Holmium phosphate
- Names: Other names Holmium orthophosphate

Identifiers
- CAS Number: anhydrous: 14298-39-6; dihydrate: 16827-78-4;
- CompTox Dashboard (EPA): DTXSID20162270 ;

Properties
- Chemical formula: HoPO_{4}
- Molar mass: 259.90 g/mol
- Appearance: Solid
- Solubility in water: Very slightly soluble in water

Structure
- Crystal structure: Tetragonal, xenotime type
- Space group: I4_{1}/amd, No. 141

= Holmium phosphate =

Holmium phosphate is an inorganic compound of holmium and phosphate with the chemical formula HoPO_{4}. Hydrated forms are also known.

== Preparation ==
Hydrated holmium phosphate can be prepared by precipitation from aqueous solutions containing Ho^{3+} and phosphate ions.
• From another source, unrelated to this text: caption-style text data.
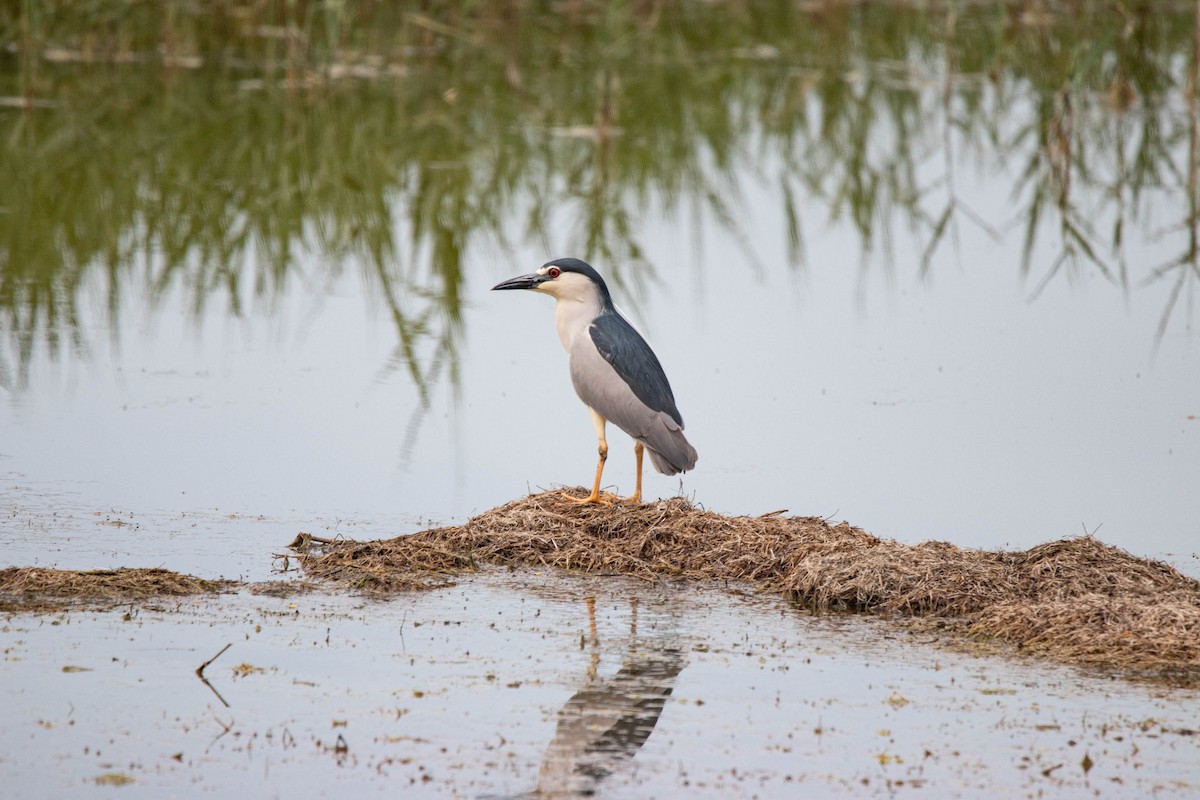 Black-crowned Night Heron - ML635493753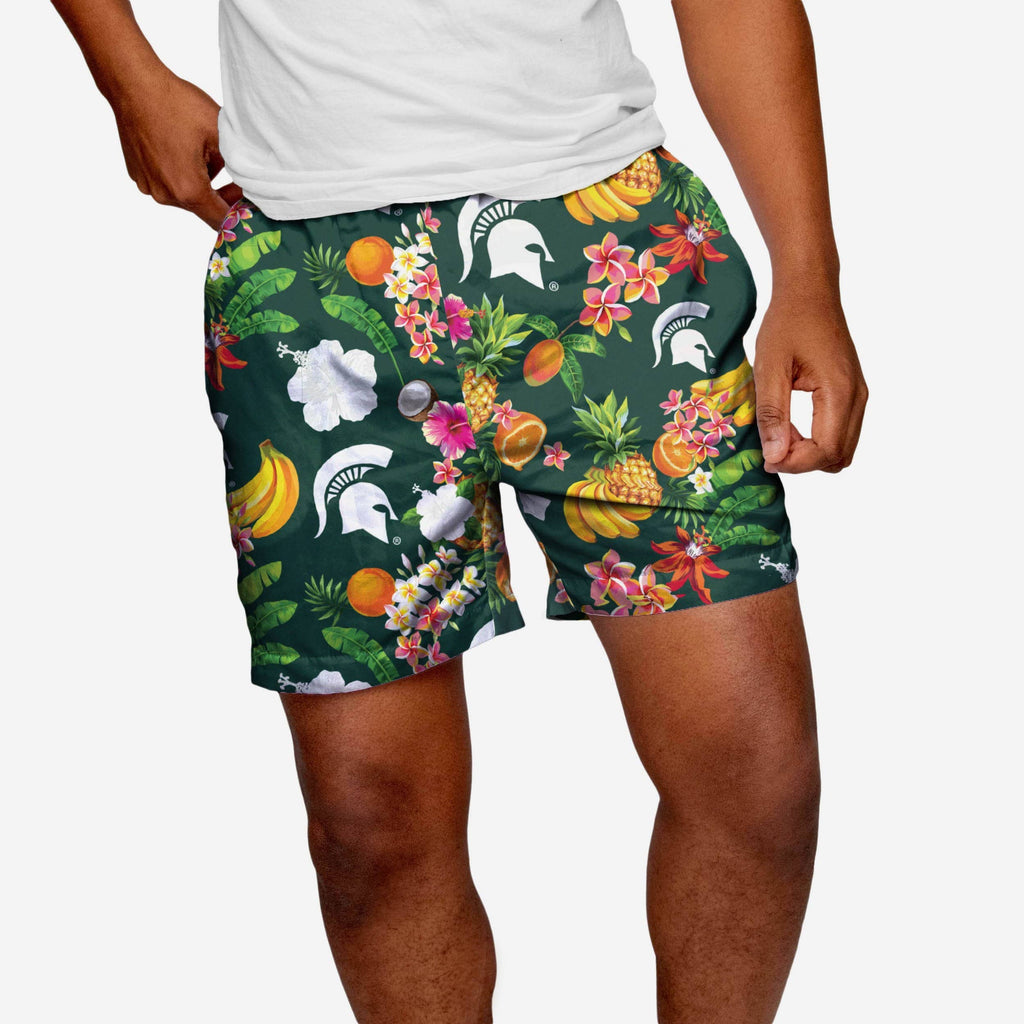 Michigan State Spartans Fruit Life 5.5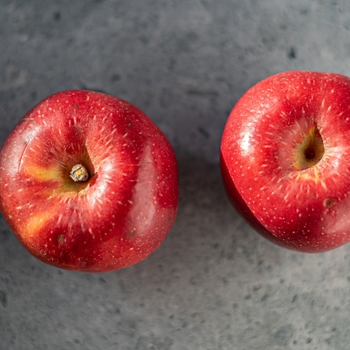 Apple 'Spitzenburg' - Spitzenburg Apple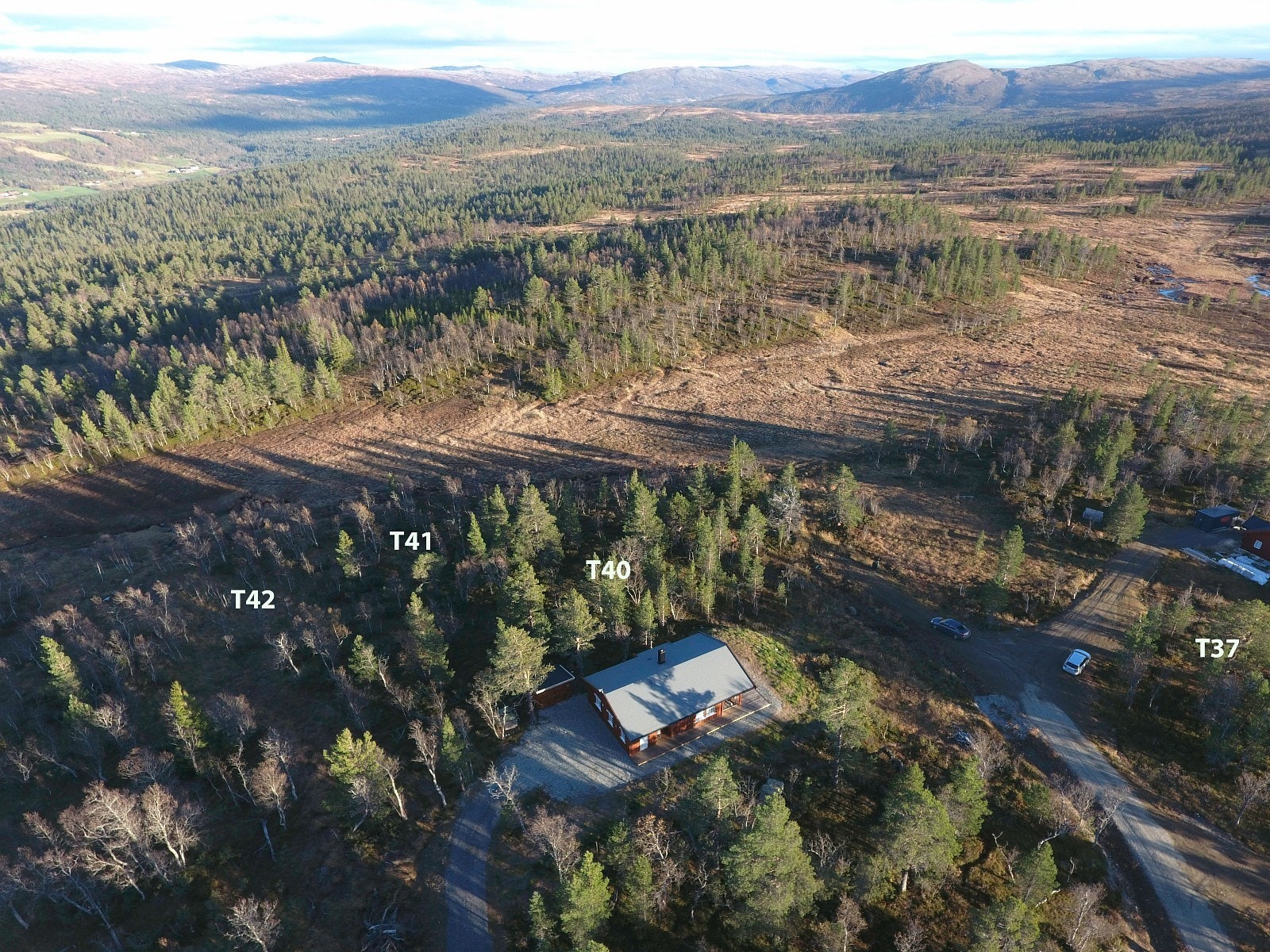 Her vrir vi utsnittet til venstre og øst iforhold til forrige bilde Galleribilde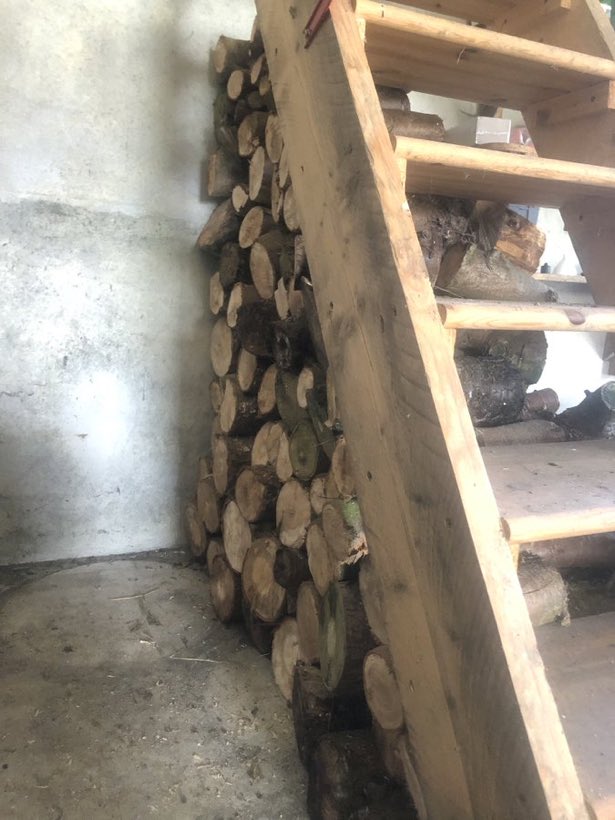 Samuel Deane tweet media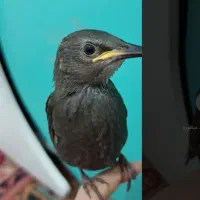 پرنده|پرنده|کاشان, فین بزرگ|دیوار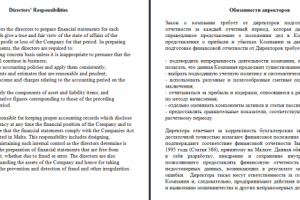 Финансовая отчетность (Обязанности директоров)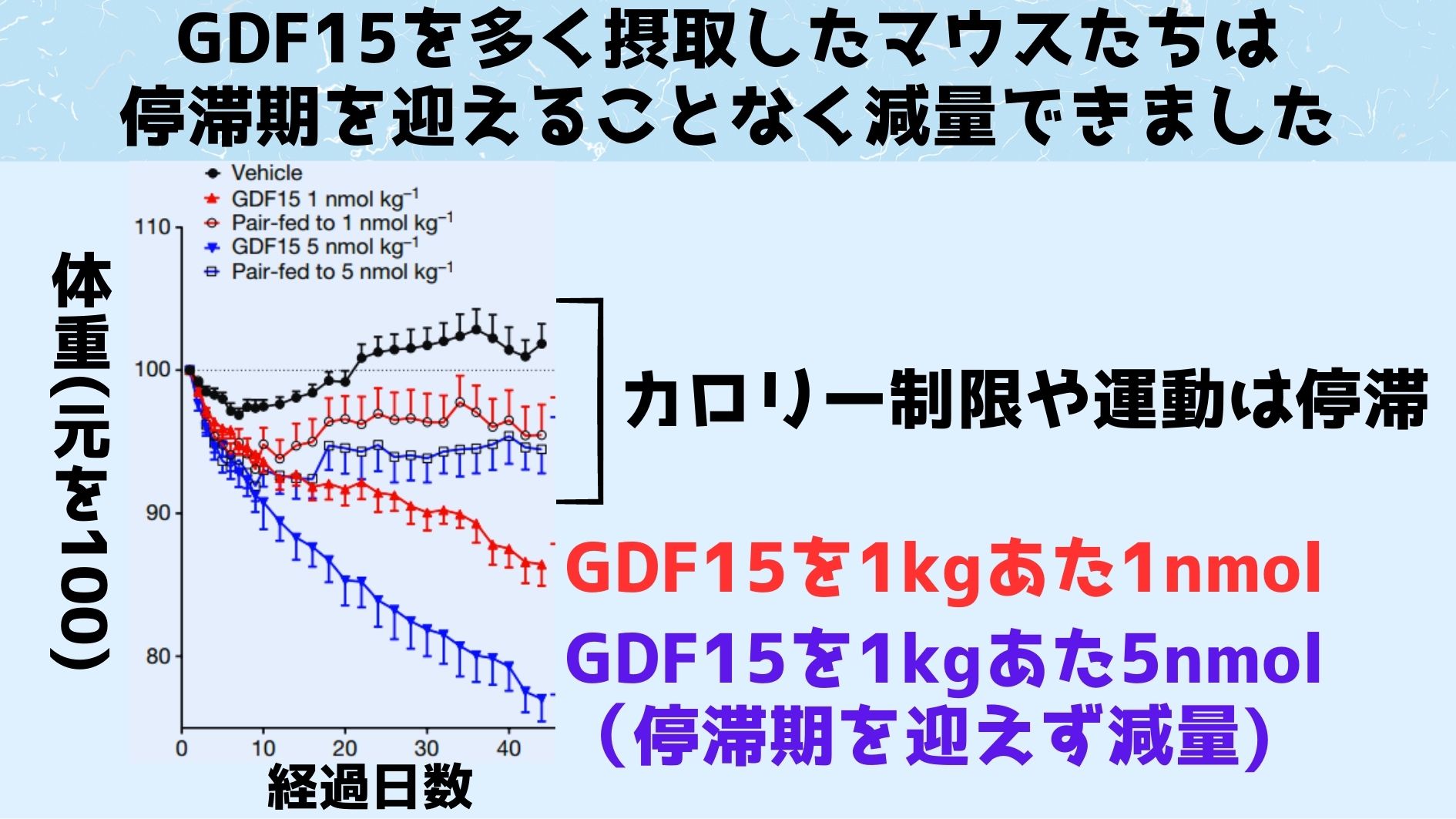 GDF15を日毎日1回注射されていたマウスたちは停滞期を迎えることなく体重が順調に減少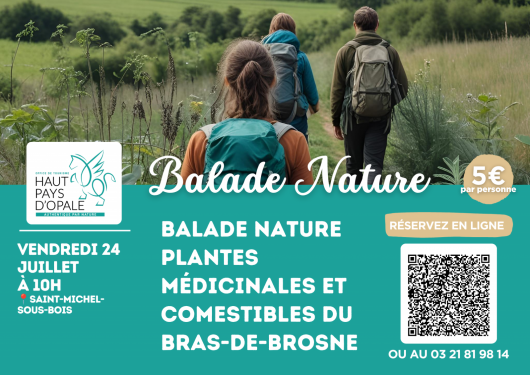 plantes-medicinales-et-comestibles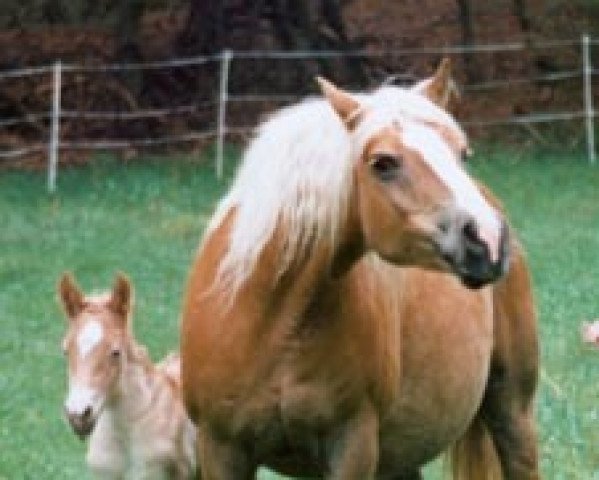 Broodmare Melach (Haflinger, 1979, from liz. Wildfang)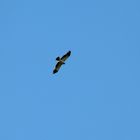 Aguila cazando en el Parque Natural Sierra de Aracena.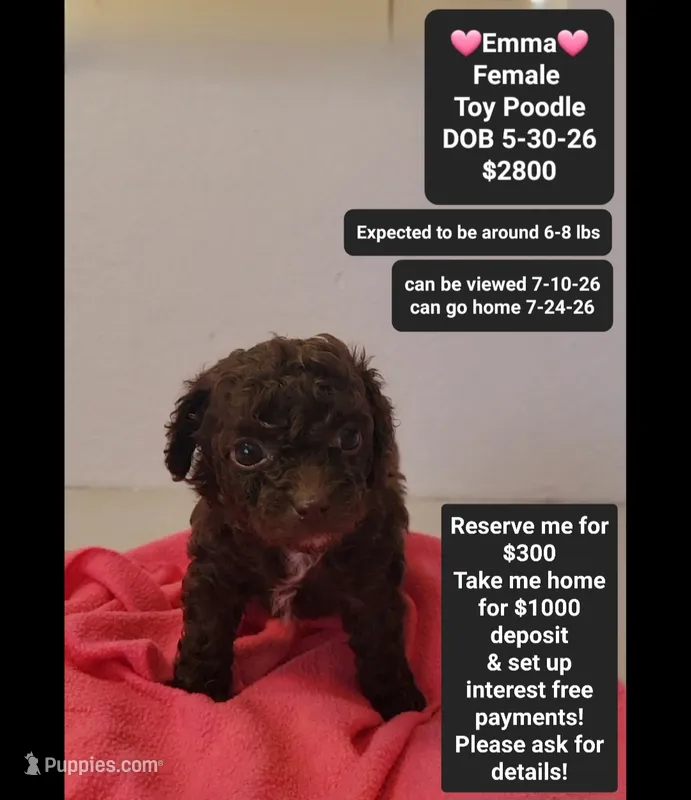 Emma*1000 take home – Poodle - Toy  puppy for sale in Tucson, AZ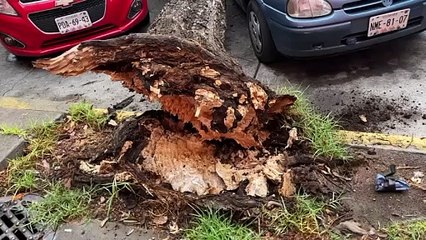 Cae árbol y daña dos autos y un poste de concreto en Venustiano Carranza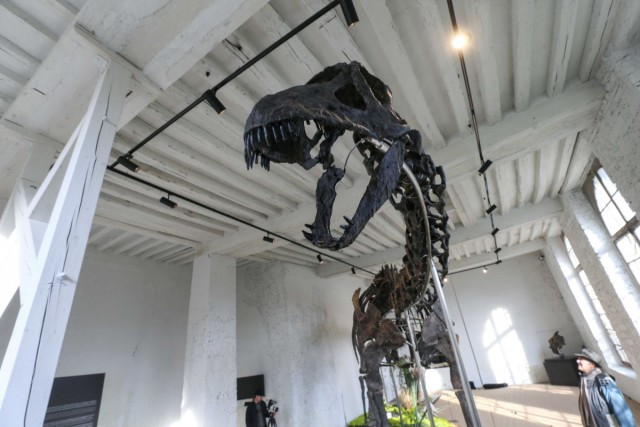 16.11.2024. « Vulcain », le plus grand dinosaure jamais présenté aux enchères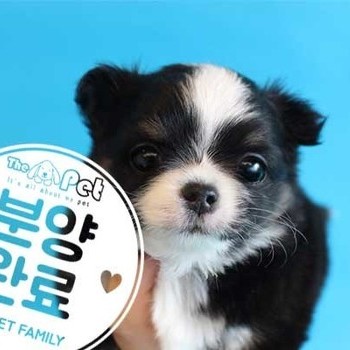 장모치와와 ♂ 12.13 분양완료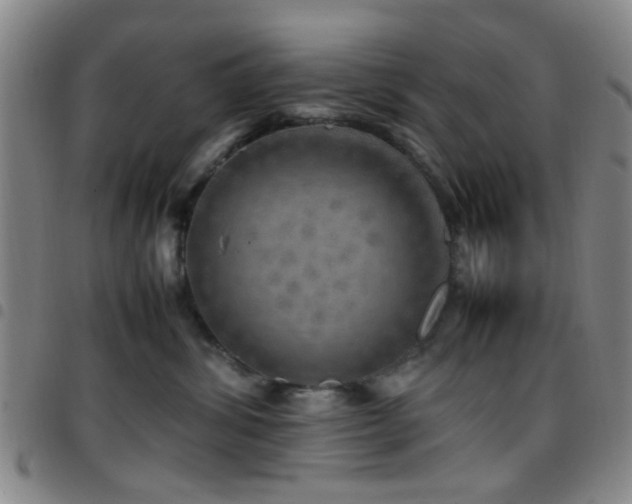 X0000097900428200803141358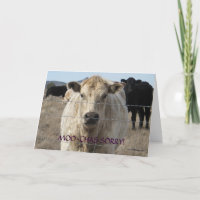 Grappige Moo Zwart Wit Koe Apologie - Ranch of Boe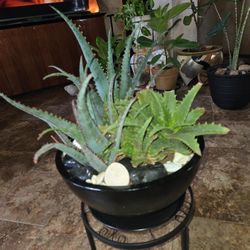Live Aloevera  Arrangement In  12in  Black Pot With Shells Stones And Black Ceramic Plate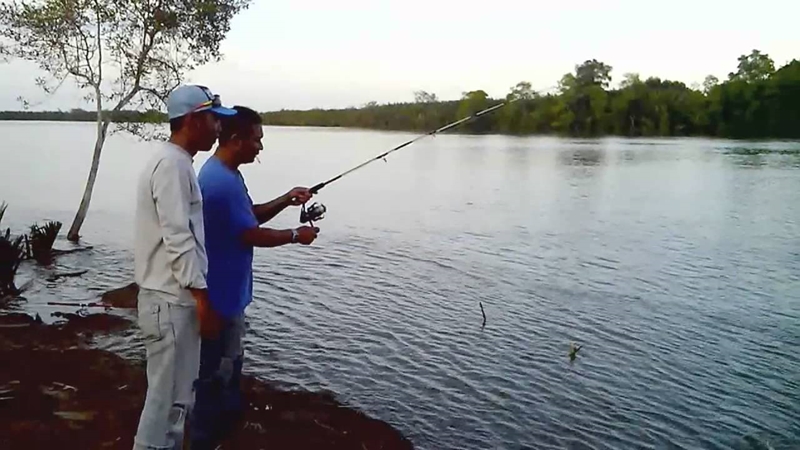 Detik Detik Menegangkan Penangkapan Kepiting Raksasa Mancing Kepiting Berburu Kepiting Youtube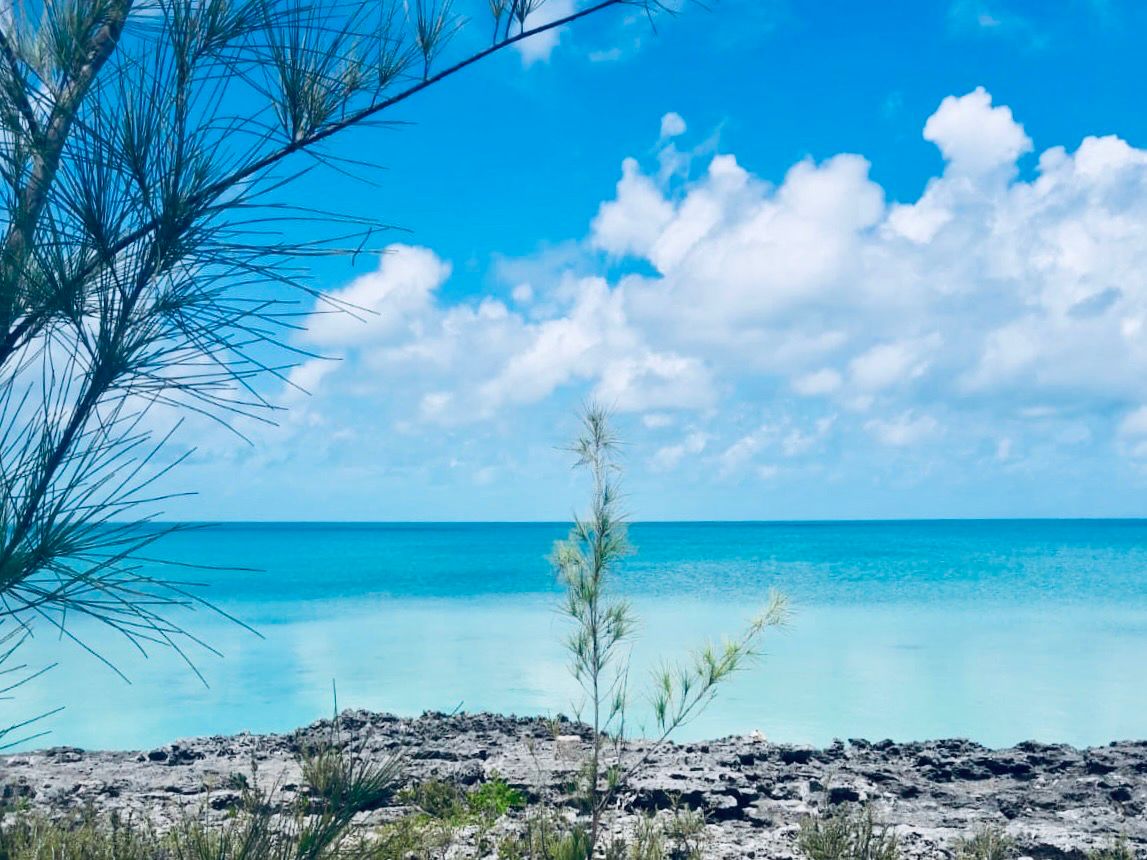 Coastal highway and Caribbean shoreline in The Bahamas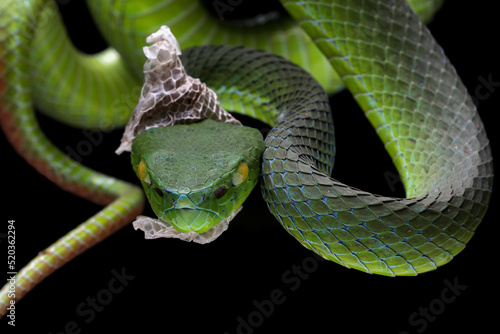 Barat Bamboo Pitviper (Trimeresurus popeiorum barati) in the process of moulting. Trimeresurus popeiorum barati is a venomous pitviper subspecies endemic to Indonesia.   photo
A dihydrate has been obtained by reaction of holmium(III) nitrate with dilute phosphoric acid.

Anhydrous HoPO_{4} single crystals can be grown from a PbO–P_{2}O_{5} flux using holmium(III) oxide and ammonium dihydrogen phosphate.

== Structure and properties ==
Anhydrous holmium phosphate crystallizes in the tetragonal crystal system with the xenotime structure, which is isostructural with zircon. It belongs to space group I4_{1}/amd (No. 141).

Its structure consists of isolated PO_{4} tetrahedra and eight-coordinate Ho^{3+} ions. Alternating HoO_{8} and PO_{4} polyhedra form chains parallel to the crystallographic c axis.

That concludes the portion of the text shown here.